Just as the Girand story had been getting underway, E. C. La Rue wrote for the USGS in 1916 a compendium monograph on "The Colorado River and Its Utilization". What it mostly revealed was the scarcity of data. Its discussion of damsites (except for one near the Green-Grand junction) was cursory, and not informed by the kind of work the 1923 survey did in the Grand Canyon. In effect, La Rue laid the foundation for thinking in an informed way about irrigation, primarily along the lower river, and tied it into the need for storage and flood control. That was the big Colorado River news in the first 20 years of the twentieth century, and La Rue's work played into the focus on California.

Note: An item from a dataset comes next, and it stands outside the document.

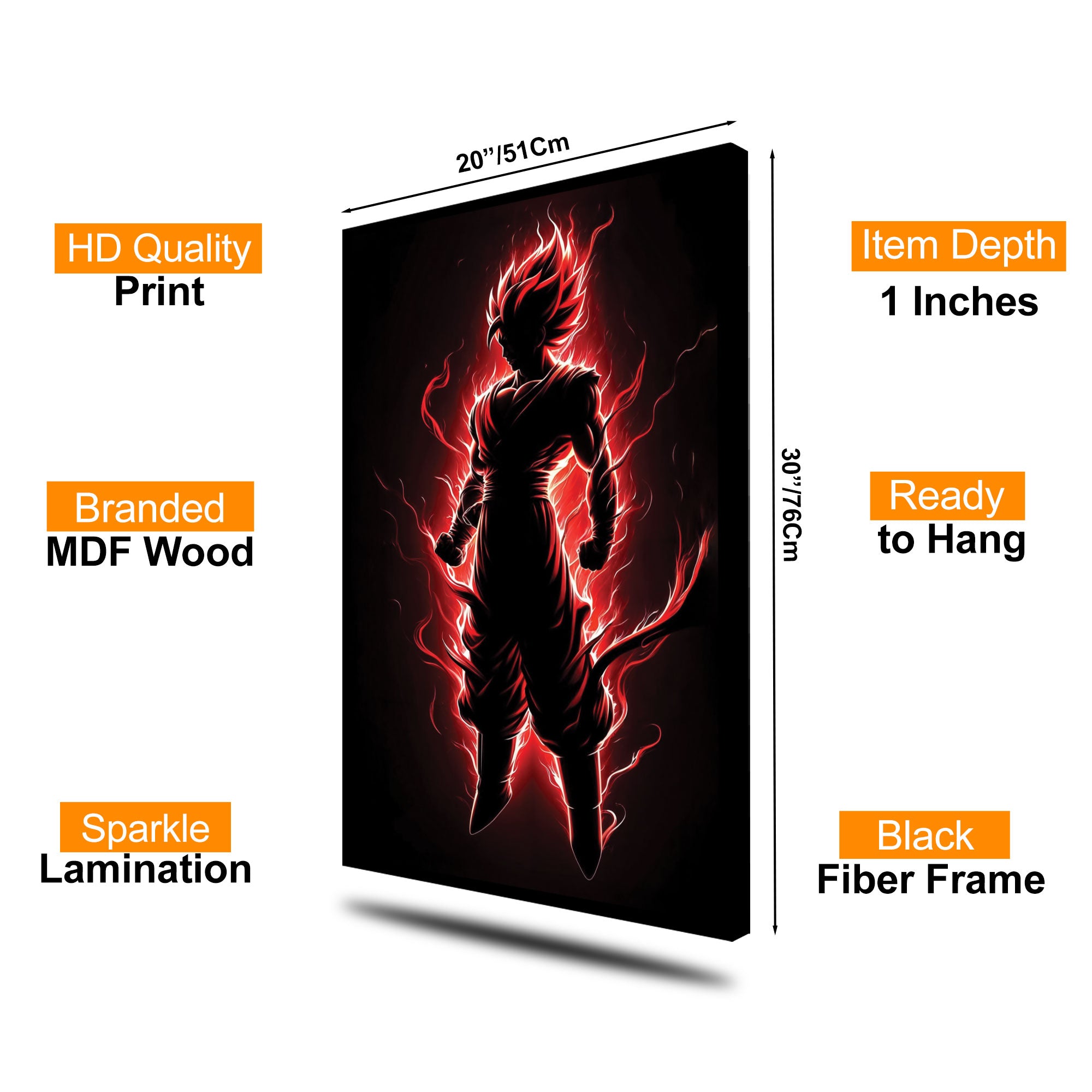 The Castle Decor Anime Fire Warrior Wall Art, Intense Power Fighter Abstract Artwork with Premium Sparkle Finish, 20×30 Inch Wall Décor for Gym & Gaming Room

That he then developed ideas that tried to shift that focus only resulted later in his own frustration and career decline. While the work done by the 1923 survey was fundamental and the best done on the river so far only intensified the irony of its being irrelevant.

As Girand pursued his plans, as the USGS professionalized knowledge about the river, California (specifically Los Angeles), with its dramatic lower river floods, its imperious grab for irrigation and drinking water, and its growing enchantment with electricity, bulled ahead. The Reclamation Service's chief, Arthur Davis, was convinced, perhaps as early as 1919, certainly by 1922, and had convinced the Interior Department, of California's priority. Six Basin states went along and made a Compact; Arizona emphatically did not. No matter, and no matter too as regards the FPC and Girand's scheme, stalled then junked. 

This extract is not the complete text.